Chloe shot a glance back in Leo’s direction. Worry creased her delicate features.

He flashed a smile for her benefit and waved her on.

“Chloe says you wish to be respectable and honorable,” his brother-in-law said after the women had gone. “Though I have my doubts, I’d invite you to join me for drinks at White’s.” Waverly’s mouth hardened. “That is, if you’re capable of visiting the club without being delivered a proper thrashing by an irate husband?”

“Gabriel,” the Marquess of Guilford warned.

Drinks with his brother-in-law, one of Polite Society’s stiffest, stodgiest lords. All was progressing as hoped.

He smiled. “Thank you for that gracious invitation,” he drawled.
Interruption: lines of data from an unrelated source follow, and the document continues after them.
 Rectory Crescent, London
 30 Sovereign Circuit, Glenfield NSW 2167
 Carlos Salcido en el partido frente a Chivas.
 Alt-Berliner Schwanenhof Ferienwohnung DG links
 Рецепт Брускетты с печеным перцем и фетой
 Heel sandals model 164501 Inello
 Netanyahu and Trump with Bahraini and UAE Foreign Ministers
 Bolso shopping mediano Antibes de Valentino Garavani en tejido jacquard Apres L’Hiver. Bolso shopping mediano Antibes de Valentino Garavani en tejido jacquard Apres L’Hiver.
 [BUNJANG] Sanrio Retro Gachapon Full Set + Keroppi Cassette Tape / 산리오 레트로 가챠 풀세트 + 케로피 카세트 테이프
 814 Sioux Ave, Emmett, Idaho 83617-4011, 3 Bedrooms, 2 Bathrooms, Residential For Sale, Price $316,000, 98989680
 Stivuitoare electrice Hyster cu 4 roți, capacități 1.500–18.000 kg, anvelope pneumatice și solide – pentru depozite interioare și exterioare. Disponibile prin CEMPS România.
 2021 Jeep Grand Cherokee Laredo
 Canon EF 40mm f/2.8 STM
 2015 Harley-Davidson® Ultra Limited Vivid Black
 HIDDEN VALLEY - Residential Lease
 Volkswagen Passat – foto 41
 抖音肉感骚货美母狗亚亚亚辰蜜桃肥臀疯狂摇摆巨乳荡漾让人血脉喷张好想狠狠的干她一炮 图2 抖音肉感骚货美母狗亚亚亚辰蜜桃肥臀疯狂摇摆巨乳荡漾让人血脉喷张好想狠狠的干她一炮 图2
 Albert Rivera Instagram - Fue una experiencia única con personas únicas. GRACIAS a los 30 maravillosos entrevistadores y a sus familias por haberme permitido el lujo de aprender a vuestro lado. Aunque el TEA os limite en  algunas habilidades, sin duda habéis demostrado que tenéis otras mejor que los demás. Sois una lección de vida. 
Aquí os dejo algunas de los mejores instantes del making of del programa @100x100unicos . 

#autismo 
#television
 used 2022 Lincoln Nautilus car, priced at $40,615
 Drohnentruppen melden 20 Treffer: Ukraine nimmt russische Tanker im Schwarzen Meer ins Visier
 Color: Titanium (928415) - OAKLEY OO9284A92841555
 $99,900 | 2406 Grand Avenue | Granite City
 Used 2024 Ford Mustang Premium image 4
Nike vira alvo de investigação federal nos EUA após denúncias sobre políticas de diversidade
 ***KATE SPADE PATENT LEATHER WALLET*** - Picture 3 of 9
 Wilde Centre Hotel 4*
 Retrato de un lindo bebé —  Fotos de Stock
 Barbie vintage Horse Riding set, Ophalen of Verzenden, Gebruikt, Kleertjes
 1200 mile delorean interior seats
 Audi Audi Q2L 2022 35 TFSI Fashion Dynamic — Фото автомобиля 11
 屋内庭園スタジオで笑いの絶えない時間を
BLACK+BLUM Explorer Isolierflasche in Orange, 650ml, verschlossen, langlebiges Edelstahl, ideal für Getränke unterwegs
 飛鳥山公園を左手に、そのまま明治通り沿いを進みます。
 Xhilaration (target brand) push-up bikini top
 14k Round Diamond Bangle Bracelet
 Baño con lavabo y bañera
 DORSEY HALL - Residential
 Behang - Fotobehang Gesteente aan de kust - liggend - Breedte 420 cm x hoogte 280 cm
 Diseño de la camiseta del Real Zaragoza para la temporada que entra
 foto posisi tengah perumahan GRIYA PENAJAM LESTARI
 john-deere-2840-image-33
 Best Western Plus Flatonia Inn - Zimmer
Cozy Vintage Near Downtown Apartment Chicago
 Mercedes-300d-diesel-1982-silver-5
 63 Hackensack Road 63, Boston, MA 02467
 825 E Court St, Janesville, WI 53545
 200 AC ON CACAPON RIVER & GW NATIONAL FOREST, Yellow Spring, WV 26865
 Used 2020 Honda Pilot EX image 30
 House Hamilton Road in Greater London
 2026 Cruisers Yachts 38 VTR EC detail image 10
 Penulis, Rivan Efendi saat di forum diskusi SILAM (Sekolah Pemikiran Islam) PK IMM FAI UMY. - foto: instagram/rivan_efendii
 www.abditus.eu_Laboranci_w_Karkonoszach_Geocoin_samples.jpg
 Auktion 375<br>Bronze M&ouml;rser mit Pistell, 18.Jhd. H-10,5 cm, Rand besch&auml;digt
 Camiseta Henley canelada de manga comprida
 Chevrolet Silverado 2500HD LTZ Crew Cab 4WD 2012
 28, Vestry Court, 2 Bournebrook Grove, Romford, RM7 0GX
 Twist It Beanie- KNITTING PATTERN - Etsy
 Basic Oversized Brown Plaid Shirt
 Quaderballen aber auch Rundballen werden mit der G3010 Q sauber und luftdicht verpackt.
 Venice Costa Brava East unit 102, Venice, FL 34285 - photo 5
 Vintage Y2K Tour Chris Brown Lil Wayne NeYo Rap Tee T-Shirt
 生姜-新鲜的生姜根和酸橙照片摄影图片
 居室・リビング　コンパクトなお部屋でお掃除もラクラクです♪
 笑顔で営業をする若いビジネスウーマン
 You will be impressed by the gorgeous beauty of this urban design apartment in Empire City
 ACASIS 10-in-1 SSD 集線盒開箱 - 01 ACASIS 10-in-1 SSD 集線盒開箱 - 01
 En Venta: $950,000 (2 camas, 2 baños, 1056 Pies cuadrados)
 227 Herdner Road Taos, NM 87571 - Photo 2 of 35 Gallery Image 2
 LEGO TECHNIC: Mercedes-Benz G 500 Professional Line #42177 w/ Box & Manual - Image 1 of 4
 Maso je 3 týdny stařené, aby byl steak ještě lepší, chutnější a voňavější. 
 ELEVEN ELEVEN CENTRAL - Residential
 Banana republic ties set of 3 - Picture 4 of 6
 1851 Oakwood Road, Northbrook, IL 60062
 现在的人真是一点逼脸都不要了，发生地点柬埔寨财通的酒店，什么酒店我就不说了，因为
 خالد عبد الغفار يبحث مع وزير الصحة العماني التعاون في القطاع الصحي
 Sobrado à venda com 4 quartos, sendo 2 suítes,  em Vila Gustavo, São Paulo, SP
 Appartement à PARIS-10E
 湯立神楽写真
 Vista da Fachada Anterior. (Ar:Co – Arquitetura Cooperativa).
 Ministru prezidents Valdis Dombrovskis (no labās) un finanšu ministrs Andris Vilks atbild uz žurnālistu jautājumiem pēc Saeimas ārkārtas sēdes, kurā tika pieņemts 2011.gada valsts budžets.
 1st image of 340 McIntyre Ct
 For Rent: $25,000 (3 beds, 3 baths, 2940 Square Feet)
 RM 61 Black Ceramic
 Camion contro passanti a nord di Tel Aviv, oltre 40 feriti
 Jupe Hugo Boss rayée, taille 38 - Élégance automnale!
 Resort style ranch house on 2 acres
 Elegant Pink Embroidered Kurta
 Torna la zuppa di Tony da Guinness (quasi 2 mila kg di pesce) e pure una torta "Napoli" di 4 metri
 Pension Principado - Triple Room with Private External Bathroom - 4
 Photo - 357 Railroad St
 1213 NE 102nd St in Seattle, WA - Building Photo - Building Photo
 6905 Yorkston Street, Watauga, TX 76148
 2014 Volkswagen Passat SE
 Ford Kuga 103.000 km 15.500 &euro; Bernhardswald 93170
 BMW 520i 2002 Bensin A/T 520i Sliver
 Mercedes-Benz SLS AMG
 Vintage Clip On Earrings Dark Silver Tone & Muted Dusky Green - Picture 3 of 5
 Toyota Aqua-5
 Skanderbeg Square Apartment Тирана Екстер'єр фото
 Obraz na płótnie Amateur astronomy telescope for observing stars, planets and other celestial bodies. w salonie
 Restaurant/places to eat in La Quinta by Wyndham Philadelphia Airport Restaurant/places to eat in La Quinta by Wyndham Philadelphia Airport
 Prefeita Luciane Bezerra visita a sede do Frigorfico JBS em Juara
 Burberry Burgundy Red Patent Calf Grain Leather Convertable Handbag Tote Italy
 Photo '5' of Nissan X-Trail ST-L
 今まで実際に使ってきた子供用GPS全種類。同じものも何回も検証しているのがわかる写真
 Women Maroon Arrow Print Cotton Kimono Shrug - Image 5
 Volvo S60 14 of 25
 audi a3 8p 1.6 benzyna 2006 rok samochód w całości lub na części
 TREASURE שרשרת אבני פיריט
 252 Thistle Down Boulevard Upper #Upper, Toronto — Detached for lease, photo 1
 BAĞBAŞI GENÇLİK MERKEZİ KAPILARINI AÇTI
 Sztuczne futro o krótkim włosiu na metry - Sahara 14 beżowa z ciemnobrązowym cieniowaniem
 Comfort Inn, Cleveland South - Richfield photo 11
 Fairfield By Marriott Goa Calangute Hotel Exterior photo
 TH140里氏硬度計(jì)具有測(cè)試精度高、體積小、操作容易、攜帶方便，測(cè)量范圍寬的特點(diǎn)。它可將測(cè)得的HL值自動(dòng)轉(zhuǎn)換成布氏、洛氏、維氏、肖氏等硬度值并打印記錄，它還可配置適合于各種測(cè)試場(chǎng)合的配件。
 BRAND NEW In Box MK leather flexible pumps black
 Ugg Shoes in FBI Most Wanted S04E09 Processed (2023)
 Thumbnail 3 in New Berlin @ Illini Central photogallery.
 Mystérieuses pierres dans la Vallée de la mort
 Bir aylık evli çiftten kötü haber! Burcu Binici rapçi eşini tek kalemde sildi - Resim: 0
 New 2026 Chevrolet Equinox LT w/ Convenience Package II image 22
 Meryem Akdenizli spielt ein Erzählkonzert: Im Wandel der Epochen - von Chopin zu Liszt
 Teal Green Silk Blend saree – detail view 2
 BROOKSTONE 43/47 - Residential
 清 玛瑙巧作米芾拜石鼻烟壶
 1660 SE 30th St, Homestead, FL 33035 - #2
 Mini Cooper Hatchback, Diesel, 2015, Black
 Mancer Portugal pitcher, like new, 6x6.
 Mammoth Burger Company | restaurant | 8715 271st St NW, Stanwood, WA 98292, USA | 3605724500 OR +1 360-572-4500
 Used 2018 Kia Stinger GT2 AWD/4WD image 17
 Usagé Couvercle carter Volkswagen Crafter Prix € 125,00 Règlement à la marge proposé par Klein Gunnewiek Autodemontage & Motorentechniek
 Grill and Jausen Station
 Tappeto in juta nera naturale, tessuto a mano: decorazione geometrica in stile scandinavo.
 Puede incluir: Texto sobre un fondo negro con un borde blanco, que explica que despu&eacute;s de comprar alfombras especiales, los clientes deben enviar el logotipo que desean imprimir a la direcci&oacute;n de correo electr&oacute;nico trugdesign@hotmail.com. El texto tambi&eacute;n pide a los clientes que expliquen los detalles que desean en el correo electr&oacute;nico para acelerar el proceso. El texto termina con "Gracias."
“We’re welcoming you into the family, Tennyson,” Guilford explained.

“Why, thank you. That is certainly unexpected. Appreciated,” and beneficial, “but—”

“But be warned,” the other man interrupted. “You hurt her, and one of us is going to kill you.”

“We’ll all vie for the privilege,” Waverly said crisply.

“Chloe would likely slay me herself, saving you all the trouble, if I did.” When he did. Ultimately, he’d hurt her. He hurt everyone. Why, his first act upon entering this world had been to take his mother’s life. Leo sought his wife, finding her at the front of the room speaking with her sister and several young children.

As if feeling his focus on her, Chloe glanced over. “Come,” she mouthed, gesturing.

He lifted his hand, wanting to join, feeling like an intruder.

A small girl in white skirts tugged at his wife’s hand, tearing Chloe’s attention away. She sank to a knee beside the child, and with whatever words were uttered, she pulled a wider and wider smile upon the girl’s lips.

But then, wasn’t that the effect his wife had on people?

Leo grinned wistfully.

His skin pricked, and he found both men eyeing him peculiarly.

“What?” Leo asked defensively, shifting on his feet.

“Nothing at all,” the other man murmured. “Drinks tomorrow, then,” the marquess offered in what felt like the first true olive branch extended by his in-laws.